Even as people prepare for the third wave, the Omicron. But it is for 2022.
Livelihoods: An Urban Work Pattern
Sadly, already forgotten, the stories and images of lakhs of unemployed migrant workers and their families walking hundreds of kilometers back to their home villages after the first lockdown of 2020. In 2021, they started to return in the cities in the hope of finding their jobs. But the jobs were gone for good. And what little was available came at low wages and under exploitative conditions.

Given the desperate times, some economists and development experts have sought to initiate a national debate on the need for an urban employment program for daily wage workers, similar to that for rural workers.
Few have questioned the urgency of such a program. Specific examples from Kerala and Orissa where such programs had been tested were given. The mechanisms for implementing such a program have been suggested. Unfortunately, in the end, the debate lost steam.
Citizen Matters took an in-depth look at the possibilities of an Urban Work Program and how state governments in particular could begin to think through and implement such an agenda.
We give below some expert views and other stories we had made on the subject.
Environment, Climate change – What??
Even the weather is not the same. No city has escaped the effects of unusual weather events leading to flooding and worse in 2021. In fact, even as we write this, Chennai is in the throes of yet another episode of heavy rain, followed by flash floods, which has brought to life a squeak stopper.
Unfortunately, no city has sufficiently factored climate change into its master plans for the future. In addition, planners still seem unaware of the many links between environmental sustainability, waste and water management and climate change. And although the central government has come up with a series of programs like the National Clean Air Quality program and Swachh Bharat 2.0 and all kinds of rankings for cities, there has been little noticeable change on the ground.
Below are some of the stories we’ve done on these issues:

Schools: who is responsible?
Hybrid education. Blended learning. The contribution of the pandemic to school education. After 20 months of total closure, as schools in all cities cautiously opened their doors, they found they had no choice but to design teaching, learning and assessment systems based on totally new online and offline.
But two other unforeseen problems surfaced. First, the detrimental effects of online education on the mental health of students. And the digital divide between students in private and public schools. For poor students, whose parents had lost all income and jobs, lack of access to smartphones and the internet has become a critical issue for the state to address.
The students most seriously affected by this digital divide were students in grades 1 to 5, whose basic learning was completely lost in the process. What effect this will have on their ability to learn and earn in the years to come is a puzzle.

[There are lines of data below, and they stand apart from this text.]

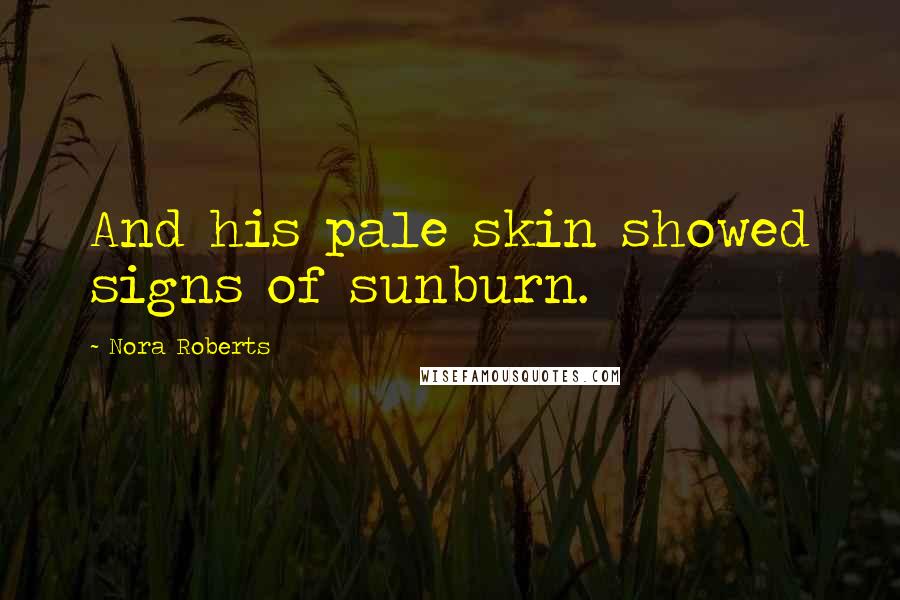 Nora Roberts Quotes: And his pale skin showed signs of sunburn.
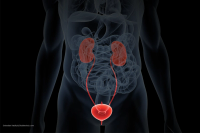 Researchers highlight DR-70 as a possible biomarker for early bladder cancer detection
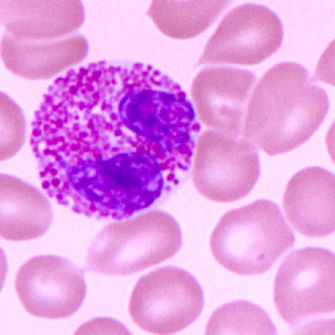 人卵巢癌细胞；ES-2图片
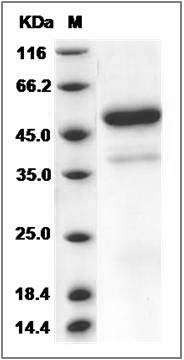 Rat VEGF-D / VEGFD / FIGF Protein (Fc Tag) SDS-PAGE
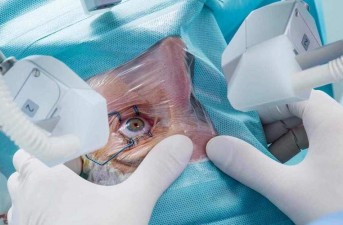 جراحی موفق آب‌مروارید زوج سالمند در ایرانمهر سراوان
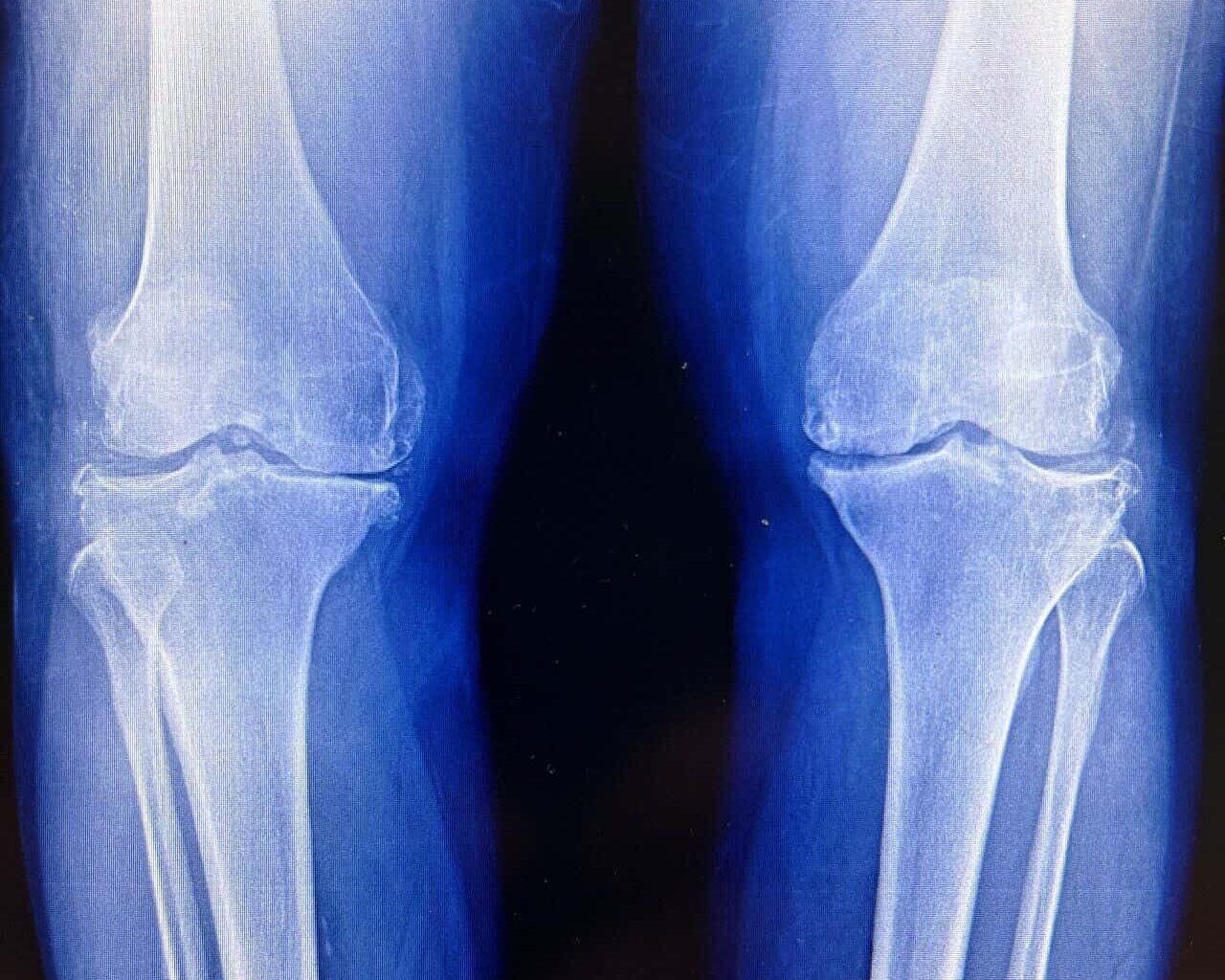 Scientists Found a Way to Regrow Cartilage Without Using Stem Cells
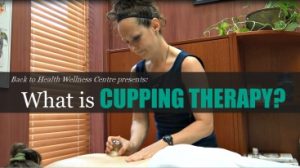 cupping, naturopathic, naturopathic care, cupping therapy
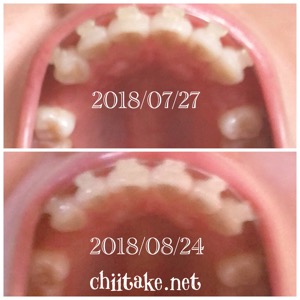 抜歯矯正-1ヵ月での歯の動き-下から見る上の歯 201808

At the national level, Citizen Matters attempted to examine the broader political issues with which the Department of Education was grappling. Our selection of articles combines reports from the field and expert opinions.
Governance: all about the money
Attention inevitably turned to Delhi. But the need for an urgent review and overhaul of urban governance systems is common to all cities. Sustainable development was the goal, at least on paper.
But the powers that be, in the center and in the States, are not convinced. Instead, opt for capital-intensive programs like Smart Cities Mission, which has come under heavy criticism in every city where it is implemented.
Indian cities have a long way to go, agree all urban experts. But Delhi’s master plan for 2041 is an example of all the wrong with urban planning, according to the experts in these articles we selected.